Через много лет Фрэнсис напишет одно из своих знаменитых эссе «О зависти», которое все считали основанным на его личном опыте общения с маленьким двоюродным братом Робертом Сесилом. Там было сделано реалистическое, но далеко не лестное замечание:

Человек, который сам начисто лишен добродетелей, всегда завидует чужим добродетелям; ...а тот, кто пытается присвоить себе добродетель другого, будет также стремиться лишить другого его счастья1.

Будучи философом и психологом, Бэкон полагал, что ум и тело связаны настолько тесно, что одно влияет на другое.
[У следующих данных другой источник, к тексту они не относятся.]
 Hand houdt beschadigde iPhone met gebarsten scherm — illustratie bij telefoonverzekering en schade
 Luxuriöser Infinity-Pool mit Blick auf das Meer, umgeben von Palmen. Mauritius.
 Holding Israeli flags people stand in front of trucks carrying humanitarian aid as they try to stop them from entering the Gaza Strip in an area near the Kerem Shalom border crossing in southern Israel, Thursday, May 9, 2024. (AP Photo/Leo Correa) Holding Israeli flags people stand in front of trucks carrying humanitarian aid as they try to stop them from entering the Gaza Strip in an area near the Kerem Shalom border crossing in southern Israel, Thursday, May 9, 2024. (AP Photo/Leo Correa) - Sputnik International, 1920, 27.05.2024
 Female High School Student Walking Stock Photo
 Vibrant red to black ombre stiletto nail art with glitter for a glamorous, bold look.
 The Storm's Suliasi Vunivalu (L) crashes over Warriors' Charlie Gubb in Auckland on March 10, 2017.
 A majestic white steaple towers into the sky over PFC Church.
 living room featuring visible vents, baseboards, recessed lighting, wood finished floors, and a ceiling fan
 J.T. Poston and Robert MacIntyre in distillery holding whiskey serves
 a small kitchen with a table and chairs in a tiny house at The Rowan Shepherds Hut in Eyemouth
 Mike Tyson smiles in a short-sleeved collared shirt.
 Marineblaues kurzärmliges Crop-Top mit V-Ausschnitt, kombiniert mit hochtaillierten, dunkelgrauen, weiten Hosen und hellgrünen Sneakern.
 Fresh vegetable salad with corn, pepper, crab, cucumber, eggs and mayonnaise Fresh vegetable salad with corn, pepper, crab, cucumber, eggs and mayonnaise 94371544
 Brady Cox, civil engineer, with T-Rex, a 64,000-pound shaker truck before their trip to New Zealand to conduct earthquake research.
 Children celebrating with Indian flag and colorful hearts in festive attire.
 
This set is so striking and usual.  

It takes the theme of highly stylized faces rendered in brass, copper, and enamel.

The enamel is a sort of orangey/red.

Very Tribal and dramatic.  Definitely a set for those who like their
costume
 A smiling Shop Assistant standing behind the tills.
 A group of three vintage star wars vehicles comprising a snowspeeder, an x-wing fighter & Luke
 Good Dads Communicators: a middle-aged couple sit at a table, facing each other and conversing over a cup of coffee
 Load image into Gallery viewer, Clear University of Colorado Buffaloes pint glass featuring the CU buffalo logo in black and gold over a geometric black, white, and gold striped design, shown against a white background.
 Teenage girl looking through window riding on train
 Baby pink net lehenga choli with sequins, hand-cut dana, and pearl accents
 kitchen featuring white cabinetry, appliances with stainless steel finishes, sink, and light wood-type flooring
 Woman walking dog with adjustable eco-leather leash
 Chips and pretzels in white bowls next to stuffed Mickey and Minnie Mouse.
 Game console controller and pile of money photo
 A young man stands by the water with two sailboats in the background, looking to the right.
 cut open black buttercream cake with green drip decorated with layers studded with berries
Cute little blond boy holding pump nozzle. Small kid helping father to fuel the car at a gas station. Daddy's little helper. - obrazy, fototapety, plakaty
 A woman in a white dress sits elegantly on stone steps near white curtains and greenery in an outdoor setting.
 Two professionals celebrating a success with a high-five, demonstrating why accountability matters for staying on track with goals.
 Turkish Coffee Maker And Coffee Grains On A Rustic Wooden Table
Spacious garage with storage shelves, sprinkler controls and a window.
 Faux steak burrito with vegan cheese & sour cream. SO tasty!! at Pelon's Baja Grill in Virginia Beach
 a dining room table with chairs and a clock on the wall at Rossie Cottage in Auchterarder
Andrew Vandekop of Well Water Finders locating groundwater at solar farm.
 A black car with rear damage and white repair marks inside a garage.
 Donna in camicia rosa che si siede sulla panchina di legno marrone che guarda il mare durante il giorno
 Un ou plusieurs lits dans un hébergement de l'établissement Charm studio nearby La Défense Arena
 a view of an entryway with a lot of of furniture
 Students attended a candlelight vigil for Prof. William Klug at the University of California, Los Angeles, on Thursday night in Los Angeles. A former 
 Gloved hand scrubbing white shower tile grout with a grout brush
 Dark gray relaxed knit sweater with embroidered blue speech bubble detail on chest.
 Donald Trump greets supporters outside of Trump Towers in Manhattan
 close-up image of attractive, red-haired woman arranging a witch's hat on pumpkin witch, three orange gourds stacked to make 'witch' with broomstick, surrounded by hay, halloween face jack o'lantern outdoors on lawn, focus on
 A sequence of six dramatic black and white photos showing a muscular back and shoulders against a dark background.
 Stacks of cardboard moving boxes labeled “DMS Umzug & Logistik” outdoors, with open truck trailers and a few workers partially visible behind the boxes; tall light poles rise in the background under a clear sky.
В опыте «Об уродстве» он высказал предположение о том, что те, кто страдает физическими уродствами, часто «лишены способности питать естественную привязанность и любовь; и тем самым они мстят природе». Возможно, это эссе также родилось на основе его опыта общения с Робертом Сесилом, чьи психологические отклонения отражали уродство его несчастного тела. Впрочем, Бэкон все же допускал, что в некоторых случаях имеет место противоположное и что порой физический недостаток может стать стимулом, заставляющим человека добиться отличия. Относительно людей с физическими недостатками он писал: «порой они оказываются отличными людьми; так было с Агесилаем* ...Эзопом ...и Сократом»2.

На Фрэнсиса с его открытым и добрым характером не было похоже, что он станет насмехаться над кузеном без всякой причины. Пока они были живы, он не раз указывал на весьма веские причины своего настороженного отношения к Роберту и без всяких экивоков заявлял, что Роберт Сесил был причиной ряда величайших несчастий, которые ему пришлось переживать в течение многих лет жизни. В шифрованной записи он выразил свое сожаление по поводу того, что недооценил масштабы зависти Роберта, ибо к тому времени, когда он осознал всю остроту опасности, было слишком поздно пытаться избежать ее3.

Между тем в юности Фрэнсис не осознавал никакой опасности. Он чувствовал себя уверенно и благоденствовал под бдительным присмотром леди Анны, а его благополучие поддерживалось хорошо отлаженной жизнью искренне любящей его семьи. Конечно же, леди Анне приходилось беспокоиться о многих вещах, но она любила всех своих мальчиков и не жалела себя, чтобы им было хорошо. Прежде всего ее тревожило здоровье мужа, человека непомерно тучного. Как-то королева Елизавета, поддразнивая его по поводу его габаритов, заметила: «У души милорда-хранителя роскошное вместилище». Леди Анна делала все, что от нее зависело, чтобы окружить его комфортом и хорошо кормить; в этом она явно переусердствовала.

Время пролетело слишком быстро, и для мальчиков настала пора перестать держаться за материнскую юбку и расширить свое представление о мире. Когда Фрэнсису исполнилось двенадцать, было решено, что он готов приступить к учебе в колледже, и по меркам того времени он не был слишком юным для того, чтобы стать студентом.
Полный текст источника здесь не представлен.